In 1914, Franz Joseph, Emperor of Austria-Hungary, overreacted to the assassination of his heir presumptive, the archduke Franz Ferdinand. He started a war with Serbia – which he wrongly accused of having been involved in the assassination. He wanted to prevent the breakup of his landed empire in Europe, but the war that followed put an end to that empire.

In 1914, Russia's tsar, Nicholas II, listened to his military advisors, all of them overreacting to Franz Joseph going to war against Serbia. Instead of saving Serbia – which did well militarily against Austria-Hungary at the beginning of the war – the war was a disaster. The Russians did not protect Serbia by going to war, and the war ended tsarist Russia and the tsar and his family.

The German king, Wilhelm II, overreacted to the assassination of his friend, Archduke Franz Ferdinand, and promised Austria-Hungary his full support, in other words a blank check, in dealing with the Serbs responsible for the assassination. And Wilhelm, along with his military chiefs, overreacted to Russia mobilizing its armies: it declared war and went on the offensive against Russia and its ally France, who were on their way to making war on Germany. It would have been better for Germany had it merely defended its borders. Britain would not have entered the war. Germany would not have looked like an aggressor. The United States would not have entered the war. And Germany did succeed in driving the Russians and the French from German soil.
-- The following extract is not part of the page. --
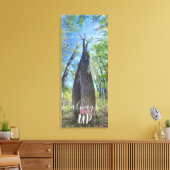 Always Look Up秋の空とキャンバス葉の印刷 キャンバスプリント (インサイチュ (リビング))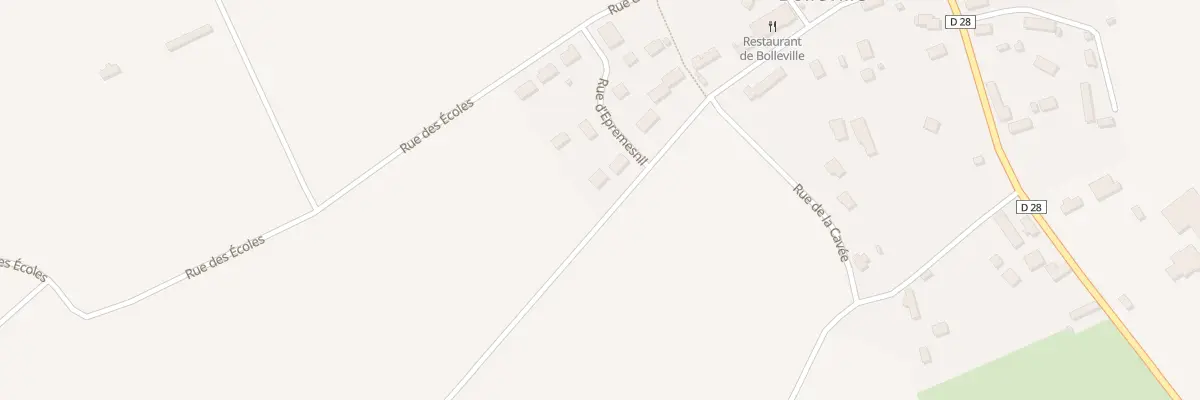 Plan du 24 Rue du Puits à Bolleville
The United States overreacted to the naval blockade war between Germany and Britain by going to war against Germany and its allies, President Woodrow Wilson claiming that he was saving the world for democracy and fighting a war to end all wars – which was nonsense.

The victors of World War I overreacted by imposing conditions on Germany at the Paris Peace Conference in 1919, the British having demonized the Germans and France fearing a future German invasion. This created a burden for the new democratic government in Germany that had replaced rule by Germany's monarchy and conservatives, and it contributed to the rise of an anti-democratic German leader who would indeed invade France.

In the 1920s people in the United States overreacted to the unpleasant realities of the Great War and to the failures and deceits of that war by becoming  reluctant to contribute to a military alliance committed to defending against another military aggression in Europe. And in doing so they made another terrible war in Europe more likely. In Britain also was an overreaction to the sacrifices that had been made in the Great War. Britain also erred on the side of pacifism.

Many Germans, Hitler among them, overreacted to their nation's humiliation. Rather than patience and a gradual negotiating away of negative aspects of the Versailles Treaty, as pursued by the German chancellor Gustav Stresemann, Hitler and his supporters wanted to smash the treaty without delay. In doing so, Hitler started another war, which resulted in another disaster for Germany.

Humanity's capacity for overreaction continues. Finding the right balance between overreaction and under reaction is forever humanity's challenge.